Cannabis Trends – Replacing the Binge Drinking Lifestyle with Cannabis

“Image credit: Borracho” by Travis S.
Last year a report from the Wall Street investment firm Cowen & Company showed that in states where cannabis is legal, its citizens reported a binge drinking rate 13% lower than in states where cannabis prohibition still exists. How significant is that statistic? Consider that a report published last year by the Center for Disease Control (CDC) showed that 37 million Americans engage in binge drinking at least once per week. The CDC defines binge drinking as having five or more drinks for men, or four or five drinks for women in a two-hour time span. What’s worse? Those states where cannabis prohibition still exists are experiencing an increase in binge drinking.
For most people, binge drinking = drunkenness, not typically an attractive or stable state of mind. Binging on booze can turn one into a social butterfly for a few hours, but it also has the potential to ruin one’s life, and quickly. Any number of negative and potentially dangerous behaviors can emerge from binge drinking, and typically do. Let’s not forget that morning hangover too. Would something non-poisonous make you feel like you have been poisoned just hours after consuming it? Or make you black out and forget your entire binge? I think we all have an opinion there.

“John Mayer” by Mexicaans fotomagazijn
This trend is manifesting itself in interesting ways, even amongst some of our society’s most popular members. Take musician John Mayer for example, who recently conducted an interview with Rolling Stone magazine in which he declared, “I put it [cannabis] where drinking used to go, and the quality of life has gone up considerably. Drinking is a fucking con. How much is enough? Every time I drank, I was looking for some sort of regulated amount. It always feels wrong for me. I always feel like I went overboard.”
We don’t know the extent of Mayer’s drinking habits, but from his comment it is safe to assume he was binging, and not in control of how much he actually drank.
“I always feel like I went overboard,” he said. “‘I said two, now it’s three, now we’re at four?’” “I never had a serious issue with it, but I remember looking around going, ‘this feels rigged. I’m taking a break.’ There’s never an amount that felt like I was succeeding at life. It always felt wrong.”
All of us who have ‘been there’ in regards to alcohol can relate with Mayer.
What About Those Suffering from Alcoholism?
Case in point, former Detroit Red Wings superstar Darren McCarty recently admitted to the Detroit Free Press that cannabis had, in fact, saved his life. How? According to the article, in November of 2015 his blood pressure was “spiking and his liver was about to explode,” a result of decades of abusing alcohol. It was on that day that McCarty had his come-to-Jesus moment. Something had to give. His battle with booze had led to four stays in rehab, civil court battles and the dissolution of two marriages.

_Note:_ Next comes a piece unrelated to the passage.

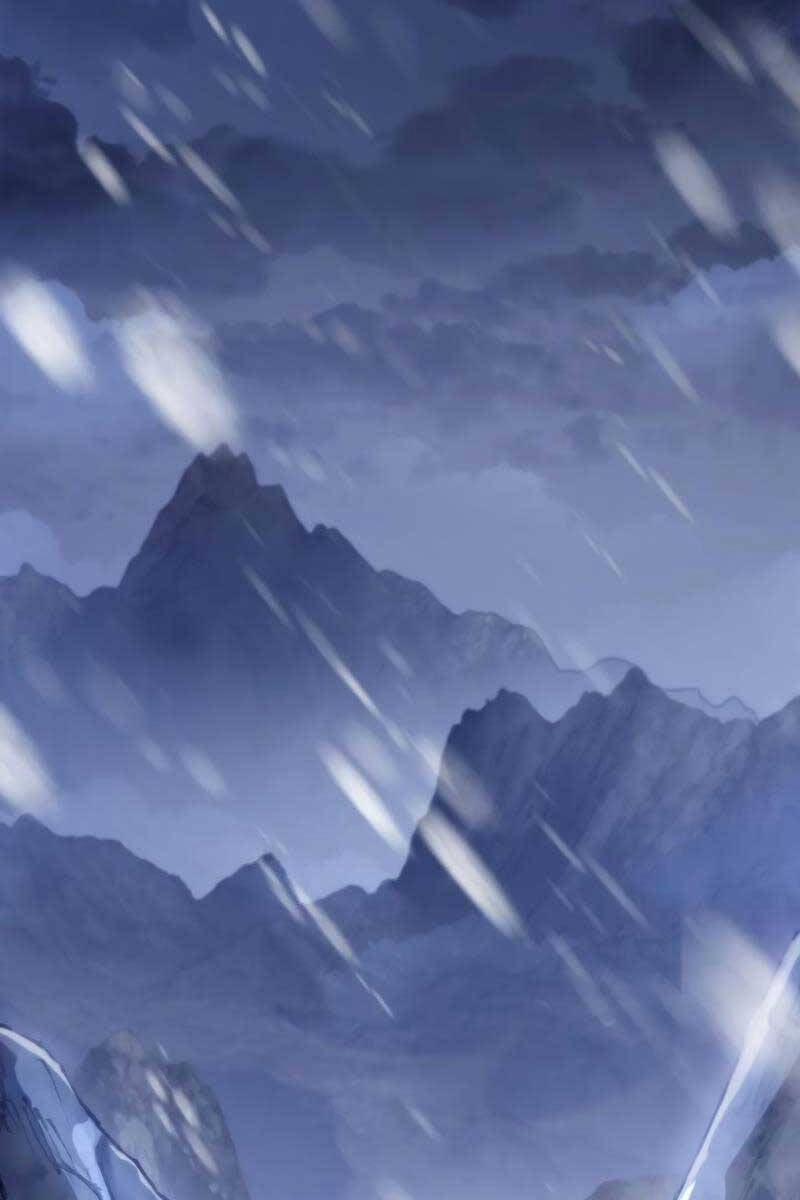 Cửu Thiên Kiếm Pháp 40 trang 4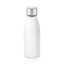 94063_106 BEANE. Sports bottle 500 ml (94063)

Image of Rick Simpson Oil (RSO) courtesy of TheLills.com
“For me, growing up, you were either a jock or stoner, so I never smoked pot growing up, but I’ve been drinking since I was 12 or 13 years old. That was acceptable in the hockey circles, it’s just culturally what was accepted,” McCarty said during the interview. “So I would always say no to pot, until after my first surgery in 1999. I was on all these pills, and it was driving me crazy. And I’m an insomniac, so I can’t sleep, and that had a lot to do with all the drinking.”
A friend had suggested pot as a remedy for alcohol and McCarty took to it quickly. The problem was he didn’t stop the alcohol abuse. He kept drinking to the point of collapse, so his pot caregiver and some friends took his care into their own hands by isolating him and giving him Rick Simpson Oil in fairly large doses. For those not familiar with this powerful cannabis application, talk to us at Canna West Seattle before you buy it and try it.
“I was in a coma and when I woke up after seven days, I didn’t have a physical addiction,” McCarty said during the interview. “I dropped to my knees and said, ‘Thank God’….the bottom line is, I’m not drinking. I’m not doing coke. I’m not doing pills. I’m not smoking cigarettes.”
The choice to replace the alcohol lifestyle with a cannabis lifestyle is not a straight swap. The author of this post can attest to that, having given up alcohol for good in February of last year. Those who make the switch are not likely to live out the social butterfly phenomenon like they could by imbibing booze, but then perhaps the social butterfly thing is just an illusion and in reality, you are actually an annoying drunk.
The choice is yours. Just remember, moderation in all things is the best medicine. Overdoing it, or binging with weed is no better than a booze binge.